Ergenekon Mahcupyan en ik waren vijf jaar geleden min of meer collega’s, toen ik nog voor Today’s Zaman schreef. Destijds ging er geen dag voorbij waarop die krant de juridische procedure aanmoedigde tegen Ergenekon, de vermeende samenzwering tegen de AKP en de Gülenbeweging. Aanvankelijk ging ik daarin mee, maar ik veranderde van mening.
Sommige in verband met Ergenekon vervolgde figuren waren onvervalste criminelen, maar werden (helaas) niet vervolgd voor wat ze op hun kerfstok hadden. De andere Ergenekon-verdachten begingen echter geen enkel strafbaar feit, waardoor het nog duidelijker was dat de vervolging zich richtte op hun seculiere ideologie en de kritiek die zij hadden op de AKP en de Gülenbeweging. Zeker, er zaten in het Ergenekon-gezelschap journalisten met op zijn zachtst gezegd onplezierige standpunten. Onplezierige standpunten mogen in een democratie echter geen reden tot vervolging zijn.
Het door Today’s Zaman naar voren gebrachte argument dat deze journalisten met hun artikelen een machtsovername stimuleerden viel door de mand omdat er geen bewijs werd geleverd voor plannen in die richting. Het bleef bij een samenzweringstheorie. Bovendien was het evident dat door Gülens volgelingen binnen politie en justitie geknoeid werd met bewijsmateriaal. Toen ik dit doorkreeg hield ik het snel voor gezien bij Todays Zaman. Mahcupyan bleef, en veranderde pas van gedachten toen Gülen en Erdogan elkaar in de haren vlogen. Tot die tijd bleef hij een vurig pleitbezorger van de Ergenekon-procedure. Evenals Erdogan overigens.
Voormalig Europarlementariër Joost Lagendijk bleef eveneens bij Today’s Zaman. Hij is daar tot op de dag van vandaag columnist. Ik kan me voorstellen dat Lagendijk enigszins benauwd wordt nu Erdogans operatie tegen Gülen diens media niet langer ontziet. Zou ik in ieder geval worden als ik nog voor Today’s Zaman had geschreven.
Streken Voor zover Gülens volgelingen strafbare feiten hebben gepleegd is het terecht dat zij daarvoor vervolgd worden.

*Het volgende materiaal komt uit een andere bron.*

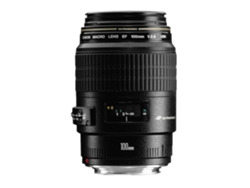 Objetivo CANON EF 100mm f/2.8 Macro USM (Negro - Apertura: f/2.8 - f/32)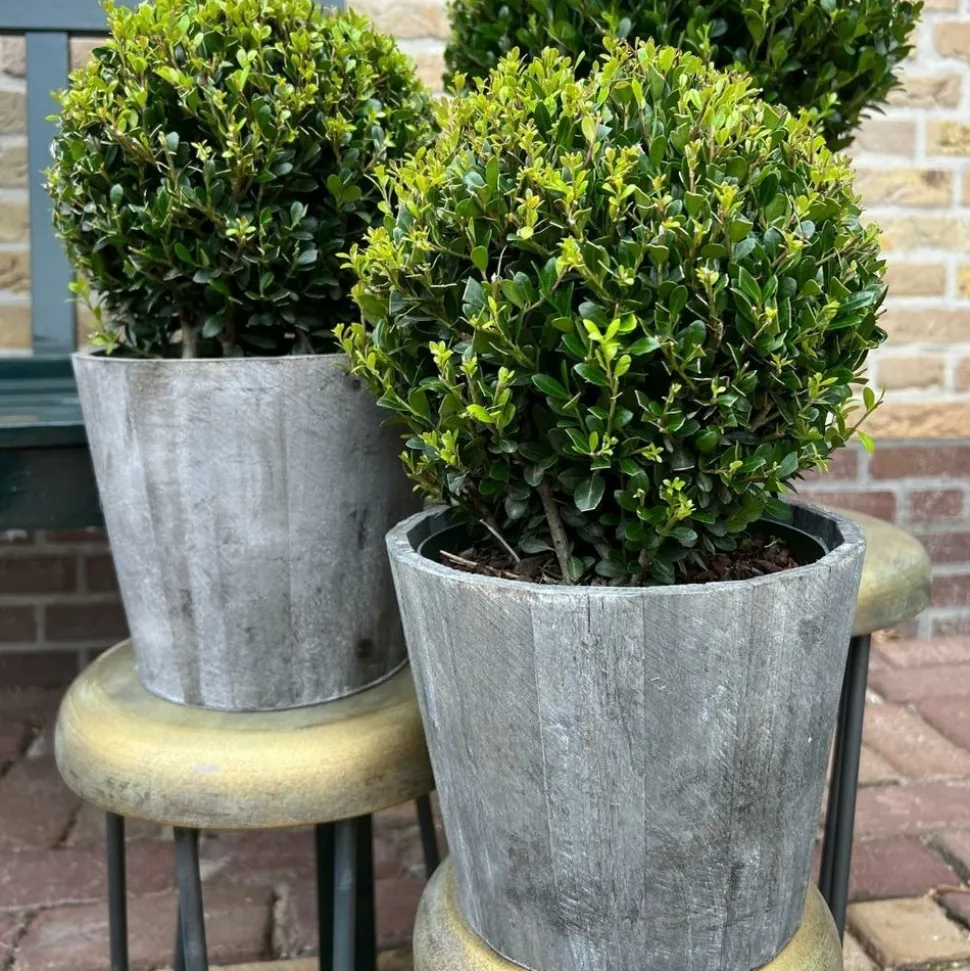 LA GREEN TOUCH - Ilex crenata 'jenny' et leur pot x 2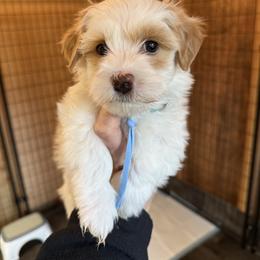 Havanese Puppies from PNW Havanese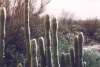 Organpipe cactus
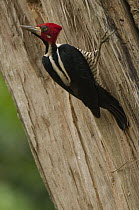 Crimson-crested Woodpecker (Campephilus melanoleucos) male clinging to tree, Amazon, Ecuador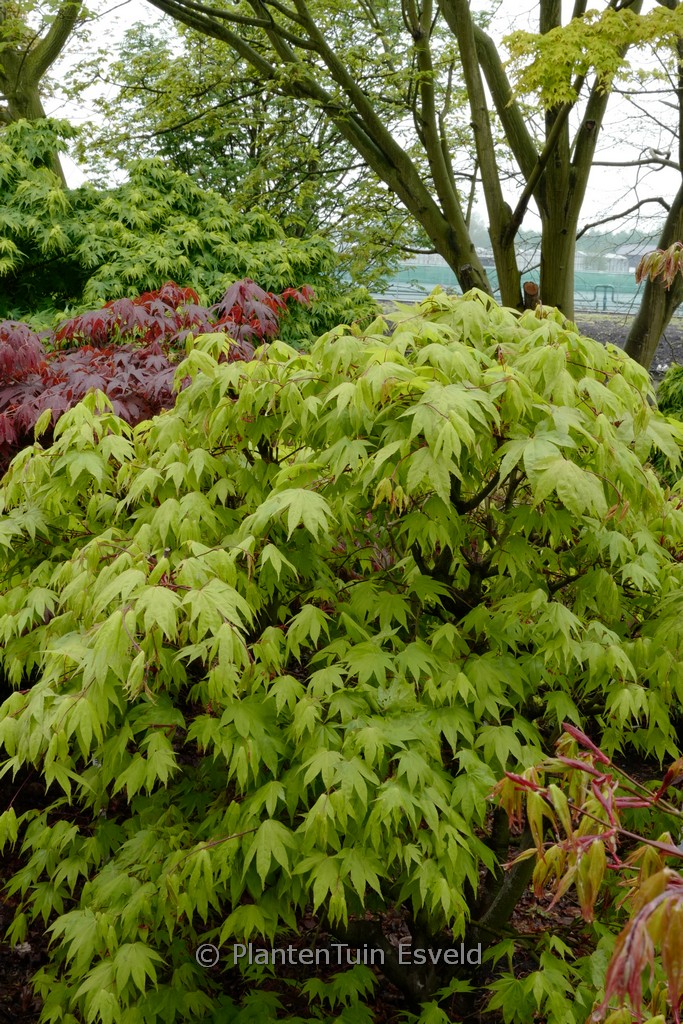 Acer palmatum ‚Bonnie Bergman‘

Ik zal echter niet de enige zijn die het onwaarschijnlijk acht dat een hoofdredacteur van een krant en een directeur van een Tv-kanaal bewijs vervalsten binnen een justitieel onderzoek. Dat soort streken associeer ik toch eerder met politieagenten en aanklagers. Daarmee heeft het er alle schijn van dat Gülenvolgelingen als Dumanli en Karaca worden aangepakt voor wat onder hun verantwoordelijk werd geschreven of geproduceerd. Dat kan natuurlijk niet in een democratie. Het is zonder meer verwerpelijk dat journalisten van Zaman/Today’s Zaman het toejuichten toen hun seculier-nationalistische collega’s achter de tralies gingen, alleen omdat zij iets schreven wat hen niet beviel, maar ook dat kan op zich geen reden tot vervolging zijn.
Mediavrijheid is een algemeen recht. Voor onplezierige seculier-nationalisten net zo zeer als voor even onplezierige leden en sympathisanten van een islamitische beweging. Dus mocht Joost Lagendijk eveneens aangehouden worden, dan kan hij, hoe zeer ik ook met hem van mening verschil, op mijn steun rekenen. Daarom besluit ik met de beroemde zin waarmee Stephen G. Tallentyre het denken van de filosoof Voltaire trachtte samen te vatten: Ik ben het niet eens met wat je zegt, maar ik zal het recht om het te zeggen tot de dood toe verdedigen. cc-foto: Peter Edel
Peter Edel is schrijver van De diepte van de Bosporus, een politieke biografie van Turkije (Uitgeverij EPO, Antwerpen, 2012). Volg Peter Edel ook op Twitter.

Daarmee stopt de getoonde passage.